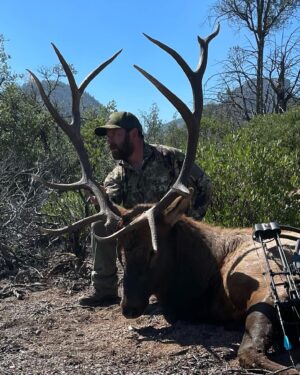 Ryan Bader Instagram - Had two days to run up and help @terry.houin & @frogman5326_  Navy SEALS who got donated unit 22 archery bull tags from @outdoorexperience4all for disabled veterans.
@frogman5326_ was brand new to bow hunting and was learning on the job & caught on quick until he finally connected on a bull. @terry.houin put in some miles and days in the binos until the rut really kicked off and got a stud bull the morning after Ryan. These guys worked their asses off. Honored to call them friends and we had an absolute blast and they went home with great memories and a ton of meals.
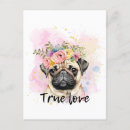 Search for true love postcards Beautiful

※

§ Problem to work on:
Since only the text is needed, retype the data above exactly and omit the pictures.

§ Exercise solution:
 Ryan Bader Instagram - Had two days to run up and help @terry.houin & @frogman5326_  Navy SEALS who got donated unit 22 archery bull tags from @outdoorexperience4all for disabled veterans.
@frogman5326_ was brand new to bow hunting and was learning on the job & caught on quick until he finally connected on a bull. @terry.houin put in some miles and days in the binos until the rut really kicked off and got a stud bull the morning after Ryan. These guys worked their asses off. Honored to call them friends and we had an absolute blast and they went home with great memories and a ton of meals.
 Search for true love postcards Beautiful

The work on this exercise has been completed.